Bob GreifeldNEW YORK (Reuters):
NASDAQ STOCK Market Chief Executive Robert Greifeld on Friday said he was not contemplating selling the exchange's 25.1 per cent stake in the London Stock Exchange (LSE).
"We are incredibly happy with the investment," Greifeld told reporters and investors on the sidelines of a securities conference. "We are not contemplating being a seller. It is a reasonable expectation that come October we will own 25.1 per cent of the LSE."
The LSE rebuffed a buyout bid from Nasdaq in late March. Under British takeover rules, Nasdaq must wait six months before making a new bid.

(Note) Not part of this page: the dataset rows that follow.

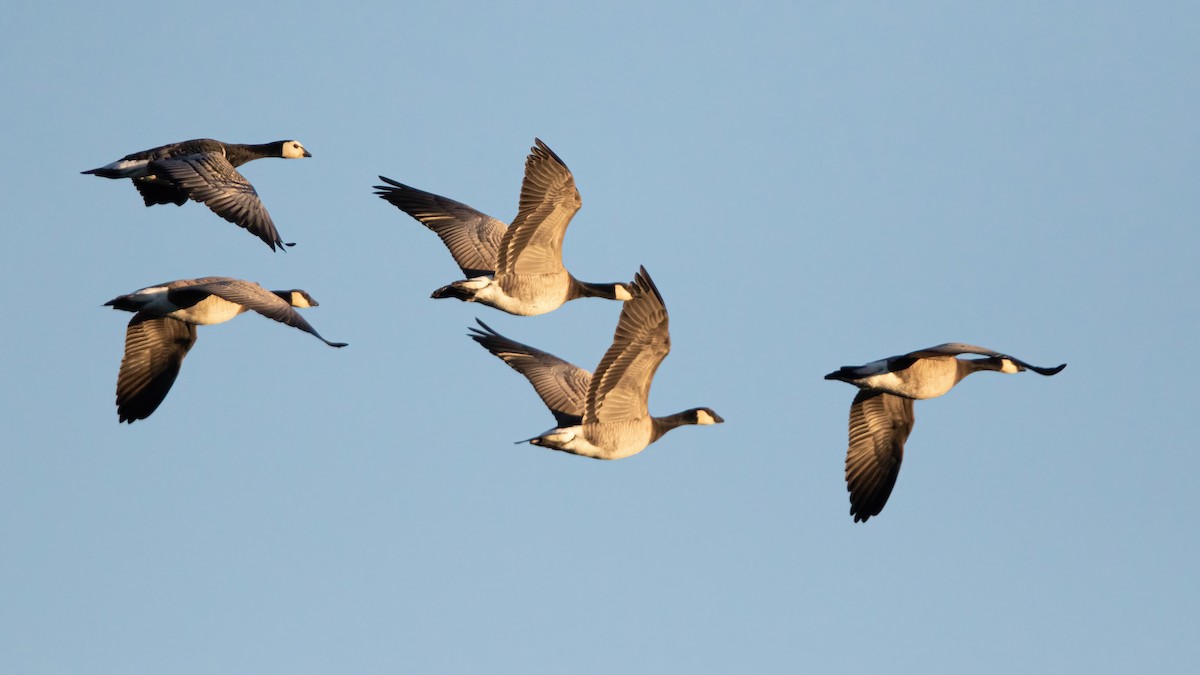 Barnacle x Cackling Goose (hybrid) - Sam Zhang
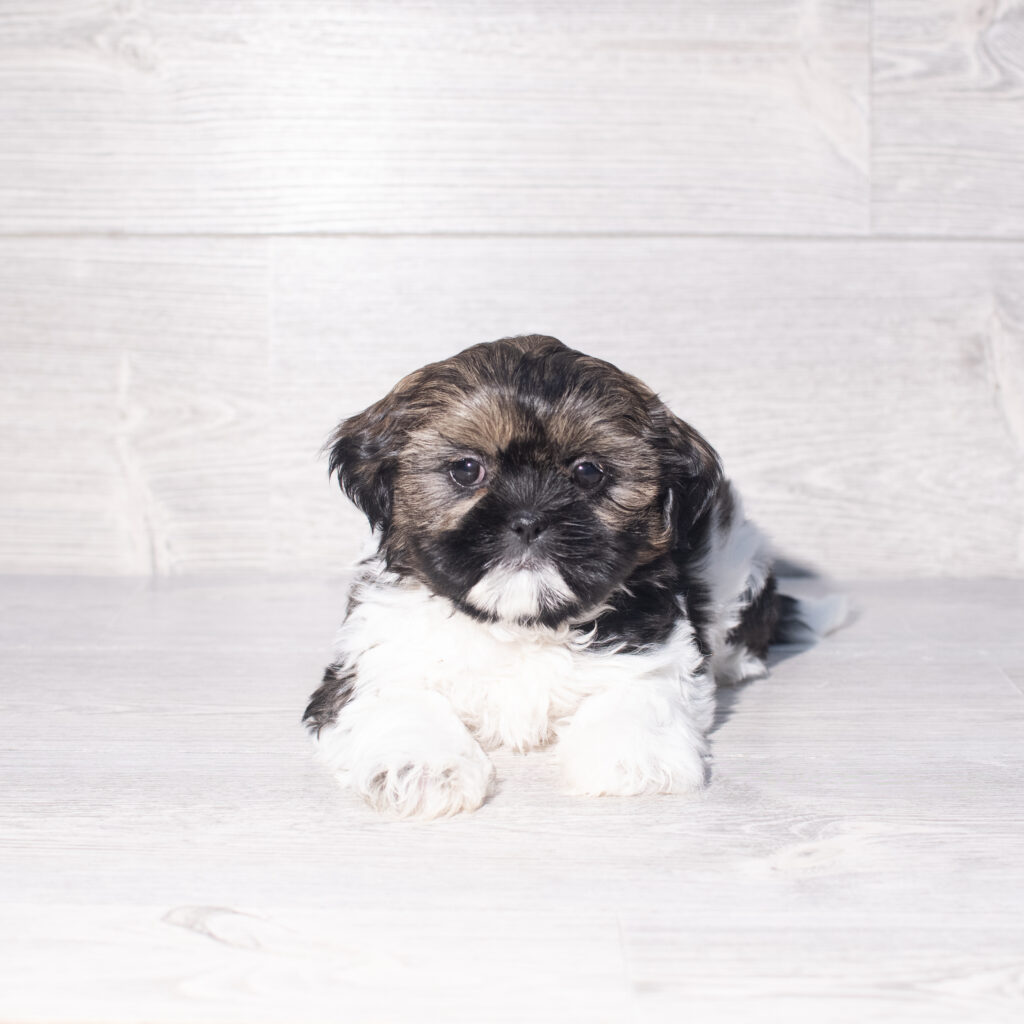 [#261396-06]  - Brindle / White F Shih Tzu Puppies for Sale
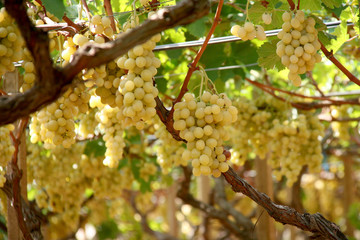 Uva - Grapes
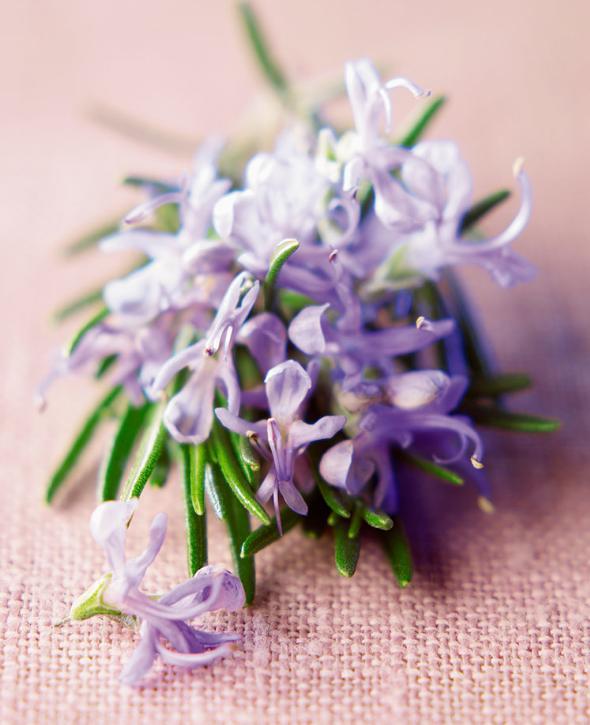 迷迭香花朵图片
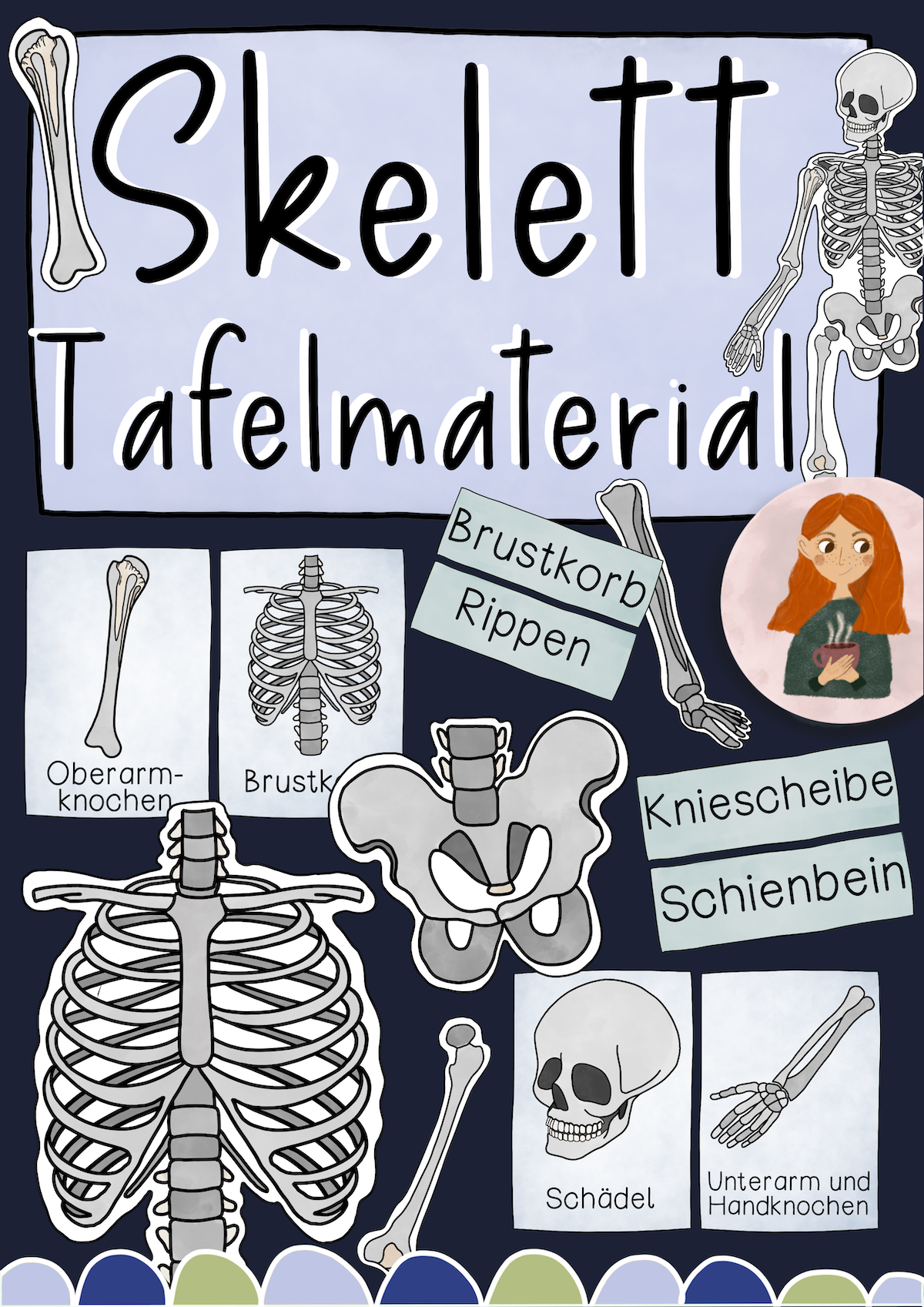 Das Skelett Tafelmaterial Bildkarten Und Textkarten Zu Allen Knochen Bildkarten Karten Farbiges Papier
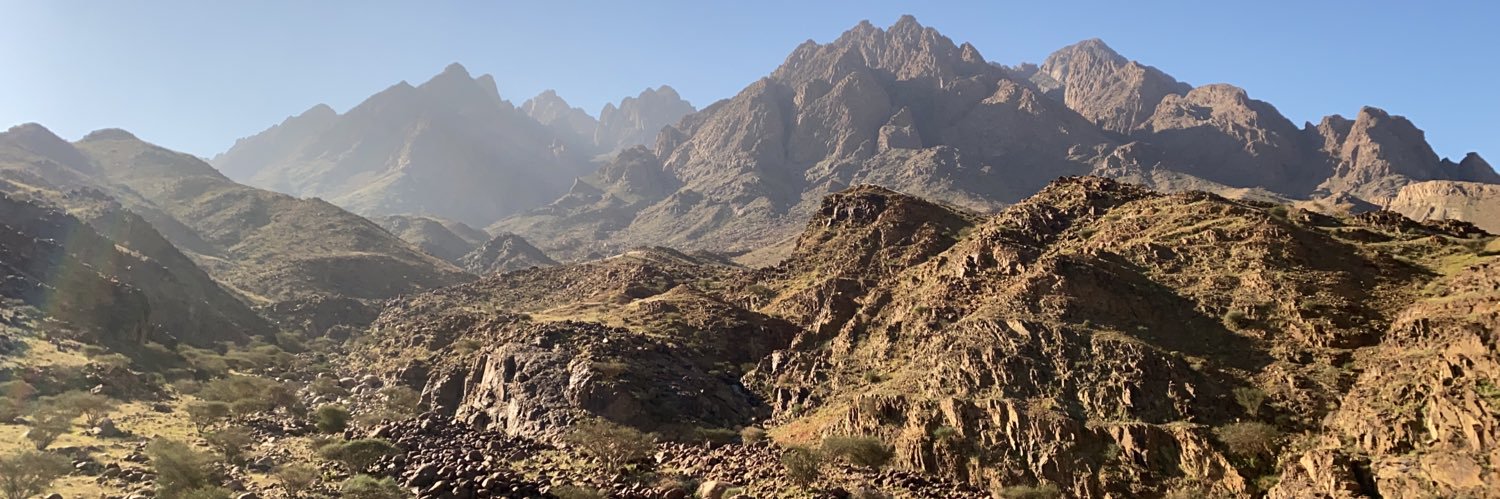 د.محمد القبساني banner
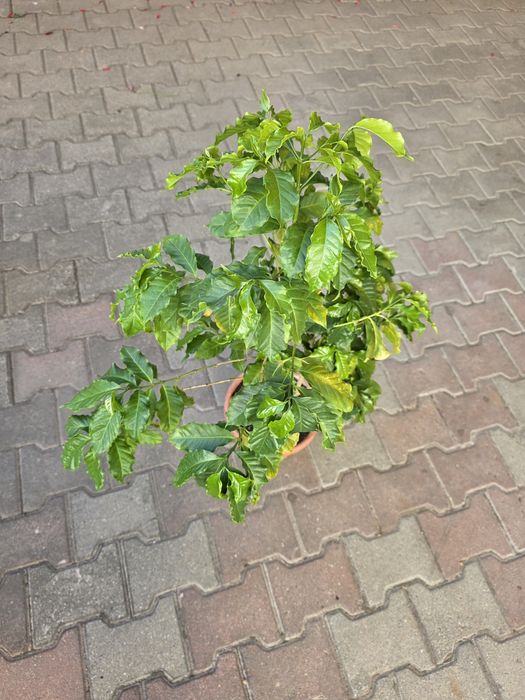 Plante de apartament și terasă: Hibiscus, Cafea, Schefflera, Ctenanthe, Yucca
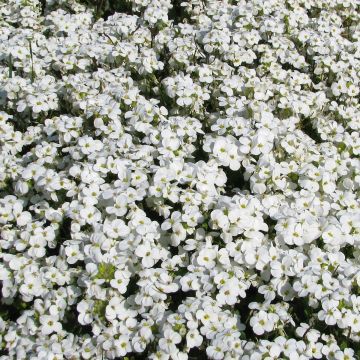 Arabis caucasica Snowball em sementes - Arabis-do-cáucaso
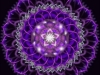 262778_10151586648248312_651665414_n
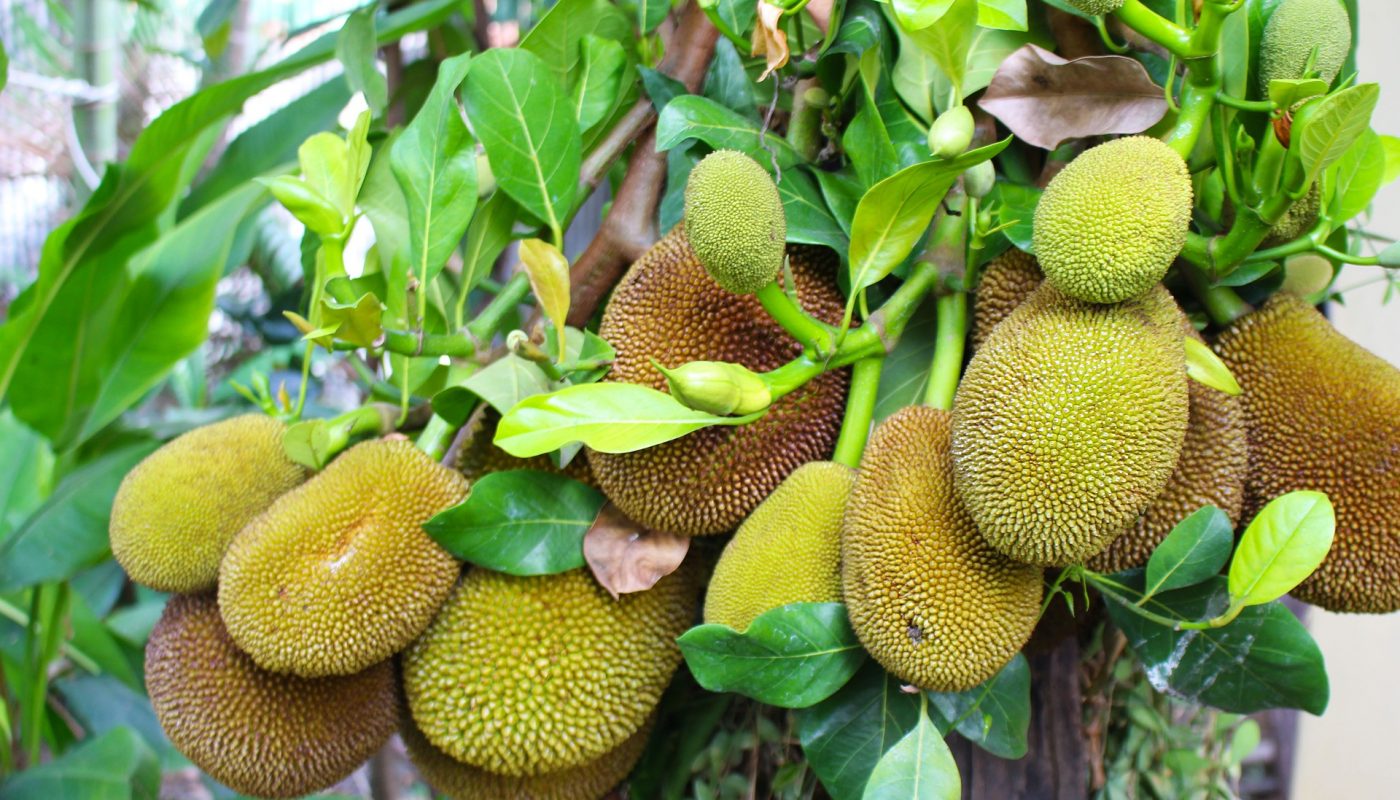 benefits of jackfruit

Greifeld said he could not contemplate making a bid until October. "We can't bid for the whole enterprise until October we can't contemplate a bid until October," he said.
Greifeld also said that in the long term he expects Nasdaq's debt rating to return to investment grade.
He said he expects Nasdaq to win exchange status by August 1. Nasdaq's long-delayed application to become a registered securities exchange was approved by the U.S. Securities and Exchange Commission in January.
Greifeld originally expected Nasdaq to begin operating as an exchange in the 2006 second quarter. The change, under consideration since 2001, is key to Nasdaq's gaining full independence from regulatory Organisation NASD.
The exchange sector has been swept by a wave of consolidation recently as marts look to cut costs in an increasingly competitive and commoditised market. The race is currently on to create the first transatlantic stock exchange.
Last week, NYSE Group Inc., operator of the New York Stock Exchange, sealed an agreement to buy the pan-European exchange Euronext for 7.9 billion euros ($10.20 billion). The deal is expected to close in six months, but rival suitor Deutsche Boerse AG has vowed not to give up trying to secure its own tie-up with Euronext.